Hey there,
Top-tier investment firm a16z released its annual State of Crypto Report last week. We dive into the key takeaways. 👇
#1. Crypto Usage Hit All-Time Highs
There have never been more active blockchain addresses.
In September, 220M addresses interacted with a blockchain at least once, tripling since the end of 2023.
There are many comparisons to early internet adoption, an analogy promoted by a BlackRock executive at a digital assets event last month.
We take this one with a grain of salt because addresses do not equal users, but it’s encouraging to see mobile wallet use hit record highs in countries such as Nigeria, India and Argentina.

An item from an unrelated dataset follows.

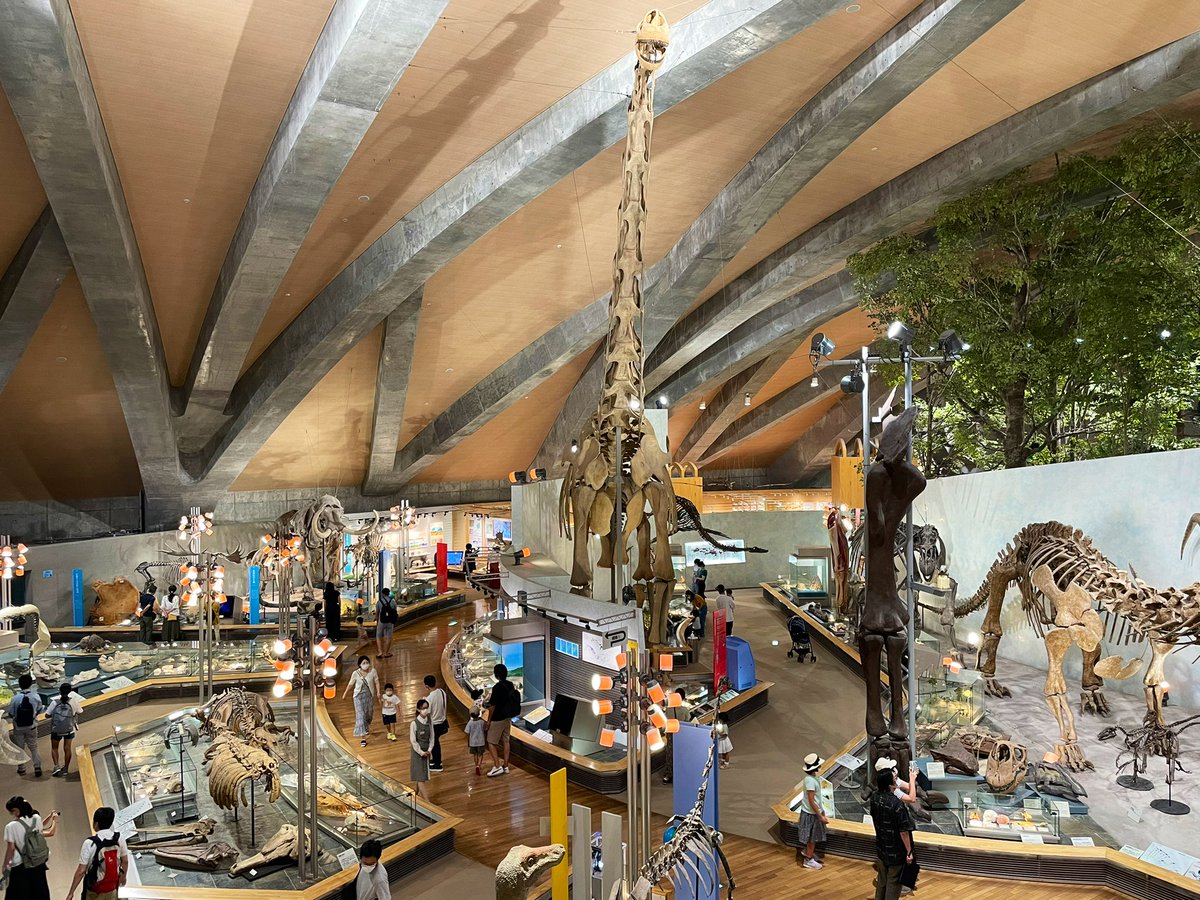 恐竜、化石好きにお勧めしたいのが群馬県立自然史博物館。Google評価4.4/5は伊達じゃないよ！毎週土曜日はワークショップ開催中（無料/保険代50円のみ）。ダーウィンの部屋もあり、日本でここにしかないダーウィン直筆の手紙も展示されてます。ご近所に世界遺産の富岡製糸場もあるので、梯子がお勧め。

#2. Stablecoins Have Found Product-Market Fit
Who said crypto has no use cases?
Crypto is enabling easier access to dollars. The report by a16z found a strong correlation between countries struggling with currency depreciation and stablecoin adoption (e.g. Argentina).
There’s no denying that stablecoin adoption is on the rise. And that momentum should continue thanks to the likes of Revolut, which is reportedly planning its own stablecoin launch, and Stripe, which this week acquired a stablecoin company called Bridge for $1.1B.
#3. The Infrastructure Is Finally Here
Thanks to the rise of Ethereum L2s and other high-throughput blockchains, blockchains are processing over 50x as many transactions per second as they were just four years ago.
The cost savings are remarkable, with the cost to send USD on blockchains falling by 99%, making them cheaper than traditional cross-border payment rails.
Underappreciated Findings
One of the biggest challenges remains only 5–10% of crypto owners are active users. So, although more than 617M people own crypto, very few are active onchain users.
Growing this figure comes down to the next wave of crypto apps.
The report also showed how dominant Solana is, recording almost twice the monthly active addresses (MAAs) than all Ethereum ecosystem chains combined (100M vs. 52M).
a16z believes the current regulatory environment has enabled rampant speculation around memecoins.
The current regulatory environment in the U.S. essentially forbids any value accruing to most cryptocurrencies. A lack of regulation has meant ‘VC coins’ have been dumped on retail, increasing the appeal of “community” memecoins.
Will we see fundamentals shine after the U.S election if builders can create and give value to tokens?
Confirmation of Industry Growth
It’s refreshing to see just how far the industry has come, and there are more legitimate use cases than ever before.
With infrastructure finally starting to scale, all eyes will now be on growing active users as we see more resources be allocated to consumer apps and unique use cases such as DePIN or AI that are only possible on blockchains.